Questo delle schegge impazzite è uno dei fall out di una globalizzazione mai davvero compresa ossia compresa secondo comodo. Una globalizzazione che ha prima confuso, poi messo in crisi le categorie della speculazione sociale e ideale: l’idea, tipicamente di destra, dell’economia subalterna alla politica ne è uscita travolta, quella, di sinistra, marxista, dell’economia che determina la politica ne è uscita apparentemente trionfante ma era un abbaglio, dietro covava la fine della politica resa possibile dall’accelerazione tecnologica, per cui tutto si è finito per maturare, per decidere in prospettiva finanziaria. Da cui, per farla anche troppo semplice, il largo impiego di tecnici mediocri ai vertici istituzionali e le migrazioni incontrollate.

La sinistra di potere non ha capito la globalizzazione ma ha capito che poteva assecondarla arricchendosi a patto di potenziare l’arsenale populistico, la destra ha provato a resistere ma alla fine ha capitolato, vuoi per la solita subalternità culturale e moralistica, vuoi perché ha capito che resistere non era né consigliabile né possibile: i leader che volevano controllare i flussi, gli sbarchi infamati in tutta Europa e negli Stati Uniti, la retorica degli abbracci, dei colori e della catene di mani intrecciate, chi provava a mantenere un limite, un argine a fare la fine di Salvini, sottoposto a ricatto: o ti adegui e te la cavi e magari anche bene, o finisci in galera.

C’è da stupirsi che oggi le città dell’interno continente, del Regno Unito e d’America siano sconvolte da ondate di balordi fuori controllo? Mettiamoci anche che ovunque la sinistra non solo ha costruito lo sciagurato business dell’accoglienza indiscriminata, ma quella dei potentati locali ne ha fatto un serbatoio elettorale, naturalizzarli, farli figliare per fingere di tutelarli e farsi votare. E la è una finzione, perché alla fine questi balordi restano abbandonati a loro stessi e lo sanno. Sanno anche di non essere più controllabili e lo dicono: sfidano la polizia sui social, arrivano agli stupri di massa a Capodanno, si organizzano in bande sempre più estreme e organizzate. A questo punto il vaso di Pandora è scoperchiato e nessuno potrà richiuderlo.

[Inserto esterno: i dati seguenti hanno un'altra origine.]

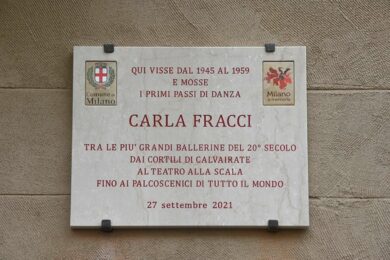 Milano, in via Tommei una targa per Carla Fracci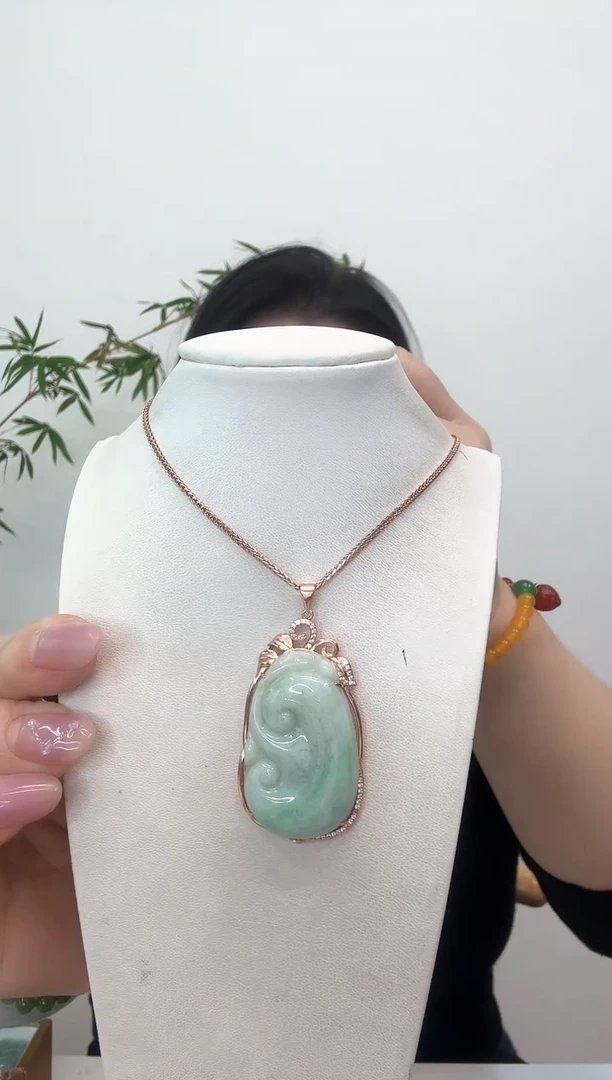 【闪购商品】翡翠吊坠(赠链)银S925镶嵌如意玫瑰边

Allora che si fa? Si mette in scena l’ennesimo sconcerto sulla integrazione disintegrata, sul multiculturalismo mancato? Ma ne avvertiva Giovanni Sartori 20 anni fa: subito fatto passare per un vecchio bislacco e fascistoide. È da queste rimozioni forzate che si stratificano situazioni irrisolvibili, ma va anche riconosciuto che i grandi movimenti non possono ragionevolmente venire arrestati, tutt’al più orientati, organizzati. Ma chi ne ha voglia? Abbiamo un ministro come Lamorgese che di fatto si è arreso alla tratta umana, abbiamo Comuni e Regioni che non si azzardano a toccare i delinquenti di seconda e terza generazione, abbiamo una propaganda in funzione giornalistica che, insufflata dall’Unione Europea, proibisce di informare circa la matrice dei criminali e degli stragisti almeno fino a che sia possibile. Basti vedere i corsi di formazione dell’Ordine dei Giornalisti.

Siccome la sinistra non può ammettere di sposare il “legge e ordine” ma neanche può permettersi di assecondare ancora l’idea della connivenza criminale, se la cava accanendosi sugli indigeni, dirottando le forze dell’ordine a controllare non i focolai potenzialmente pericolosi ma gli incauti senza greenpass. Sono le “convergenze parallele”, come le chiamavano nella Prima Repubblica, per dire un orrendo grumo di opportunismi e di impotenze talmente mescolati da risultare non più distinguibili. Insomma, tutti colpevoli nessun colpevole. Poi accade che due farabutti tunisini si facciano servire un panino da una che hanno appena violentato, insieme al figlio, e tutti dicono: ah, così non si può andare avanti, in questo Paese non si può più vivere.